_WHAT YOU NEED TO DO:_
Exclude the pictures and set down, unaltered, the lines from the one that holds "Душевая кабина квадратная" through the end of the data.

_INFORMATION:_
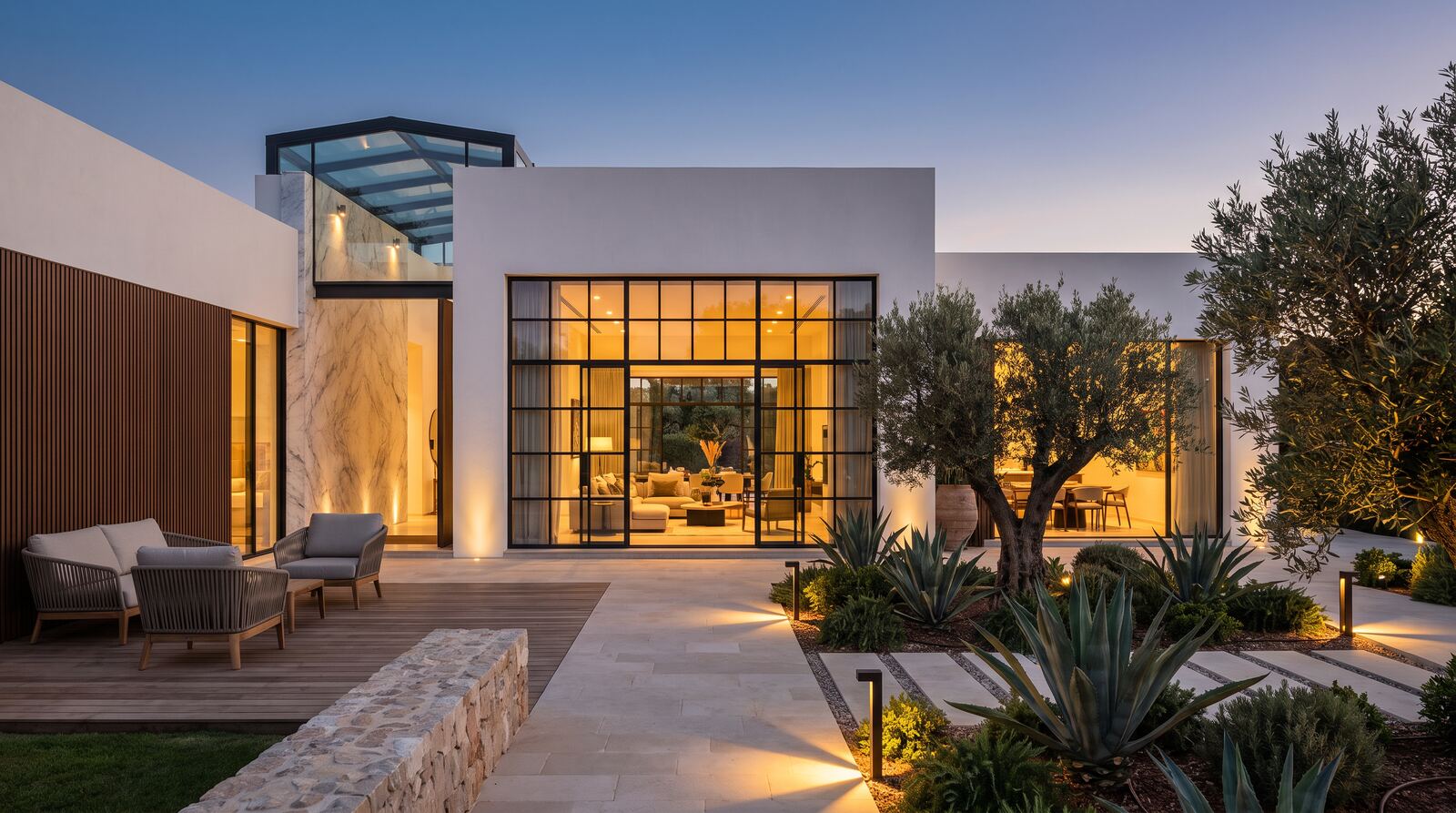 Modelo Vilamoura — casa modular LSF branco e antracite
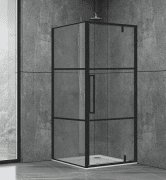 Душевая кабина квадратная Dusel Deluxe Series DL198BP+DL196BP 100 Black Matt Paint 1000x1000x1900 мм профиль черный матовый/стекло прозрачное с черным принтом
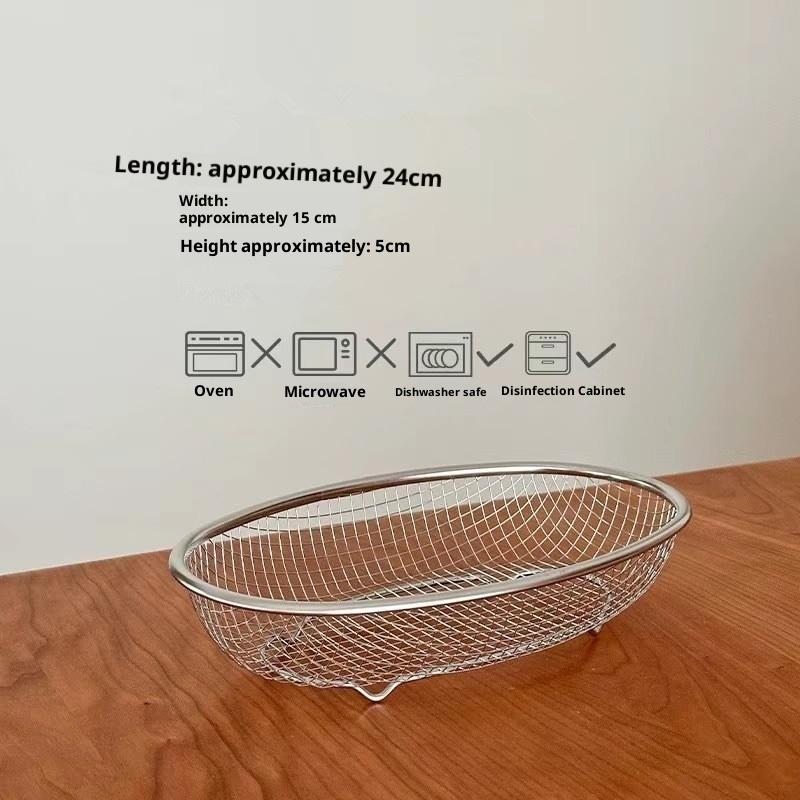 Stainless Steel Fruit And Vegetable Basket Oval Drainage Basket Mesh Frame Mesh Screen Kitchen Washing Basket Storage Basket
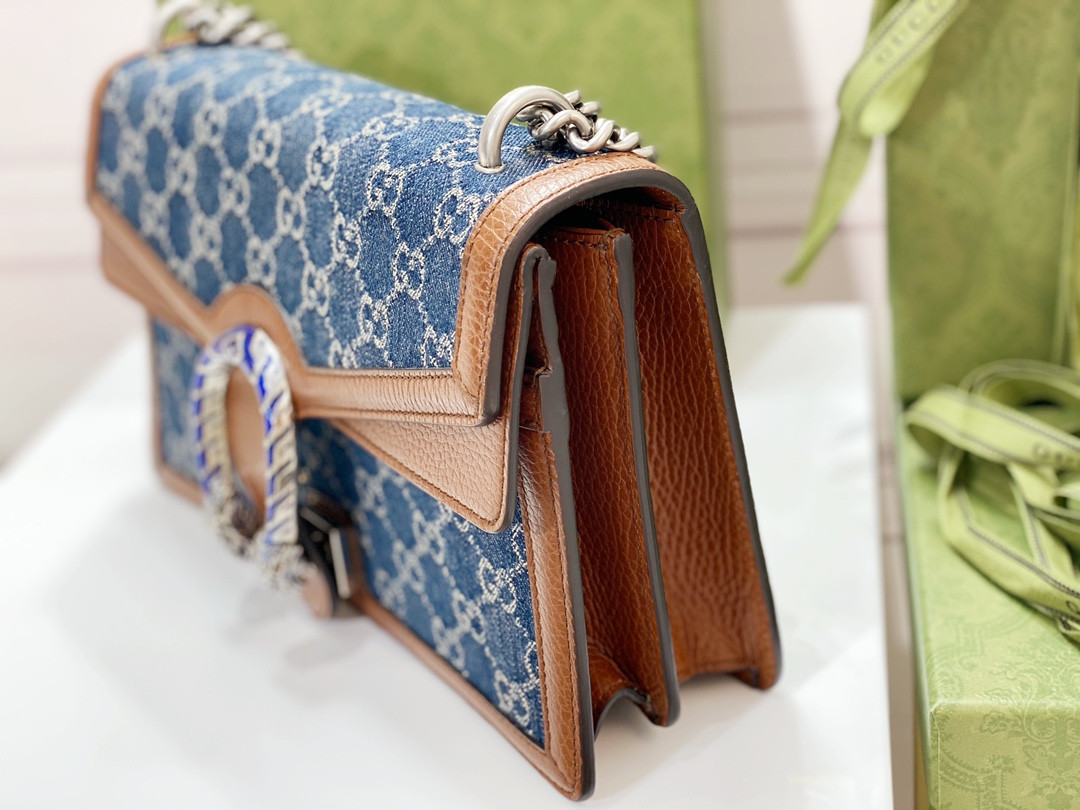 G*u*i DIONYSUS SMALL SHOULDER BAG BLUE 11"Wx7"Hx3.5"D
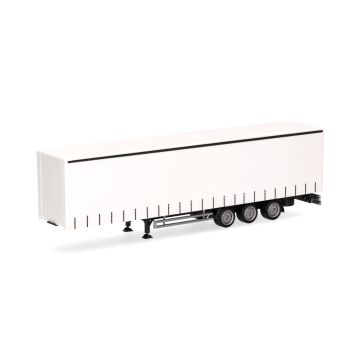 Herpa Gordijntrailer (lowliner) zwart chassis 3a. (neutraal) - H0 / 1:87 (H075664-002)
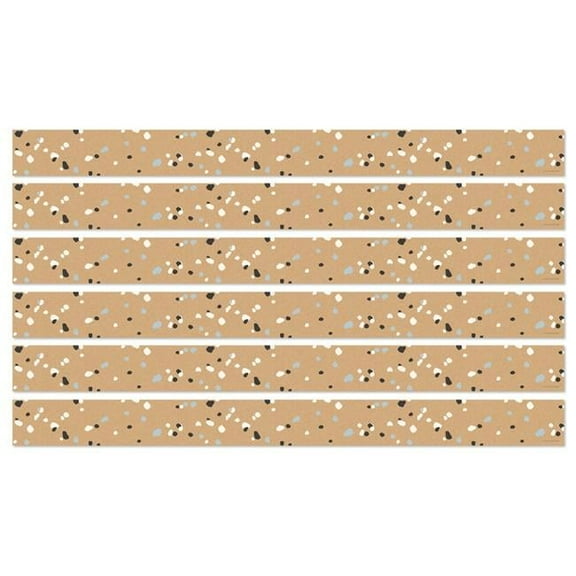 Carson Dellosa Education We Belong Speckled Kraft Paper Straight Borders Per Pack, 36 Feet Per Pack, 6 Packs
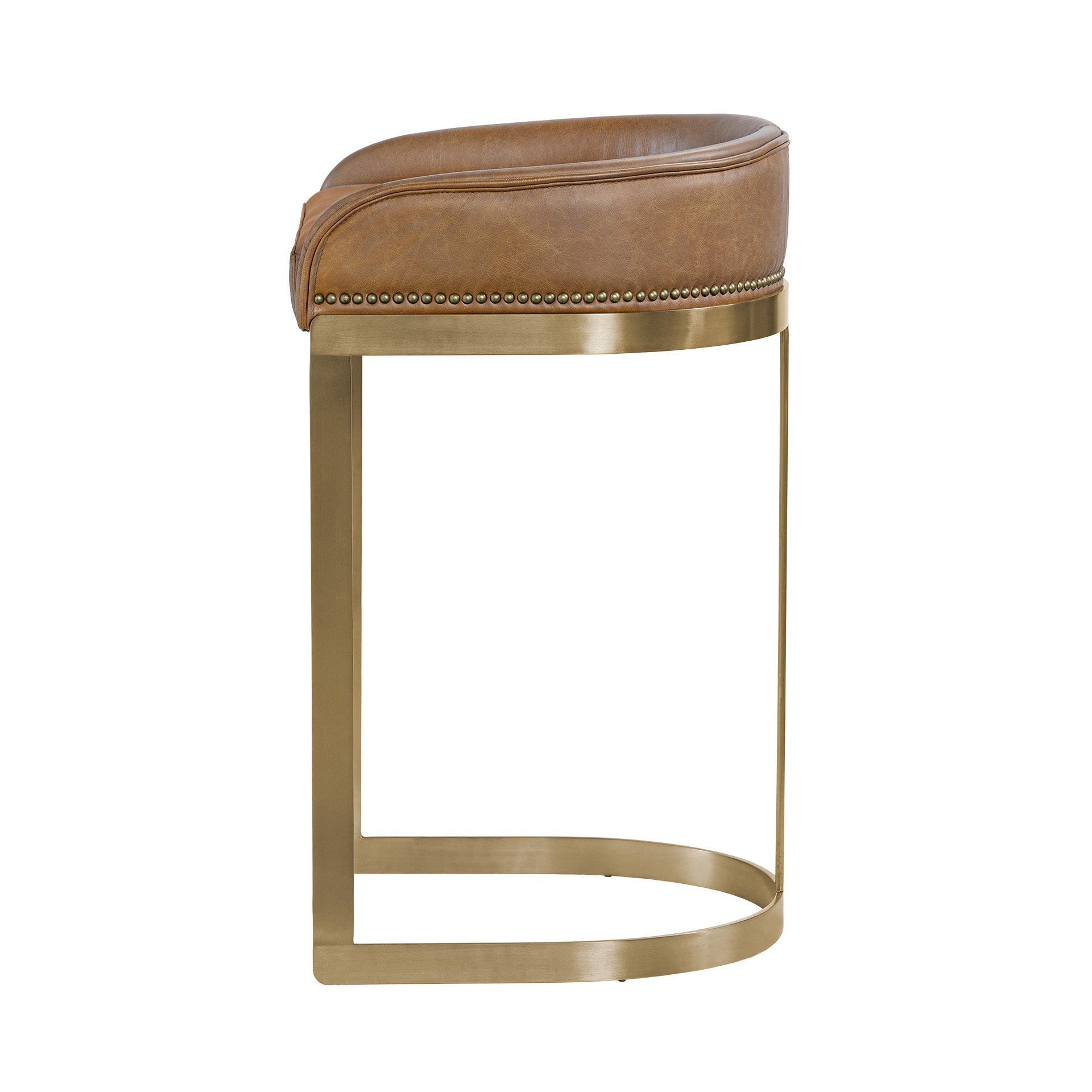 Hollyfield II Brown Leather Seat Gold Metal Base Bar Stool - Central Designs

_WRITTEN REPLY:_
 Душевая кабина квадратная Dusel Deluxe Series DL198BP+DL196BP 100 Black Matt Paint 1000x1000x1900 мм профиль черный матовый/стекло прозрачное с черным принтом
 Stainless Steel Fruit And Vegetable Basket Oval Drainage Basket Mesh Frame Mesh Screen Kitchen Washing Basket Storage Basket
 G*u*i DIONYSUS SMALL SHOULDER BAG BLUE 11"Wx7"Hx3.5"D
 Herpa Gordijntrailer (lowliner) zwart chassis 3a. (neutraal) - H0 / 1:87 (H075664-002)
 Carson Dellosa Education We Belong Speckled Kraft Paper Straight Borders Per Pack, 36 Feet Per Pack, 6 Packs
 Hollyfield II Brown Leather Seat Gold Metal Base Bar Stool - Central Designs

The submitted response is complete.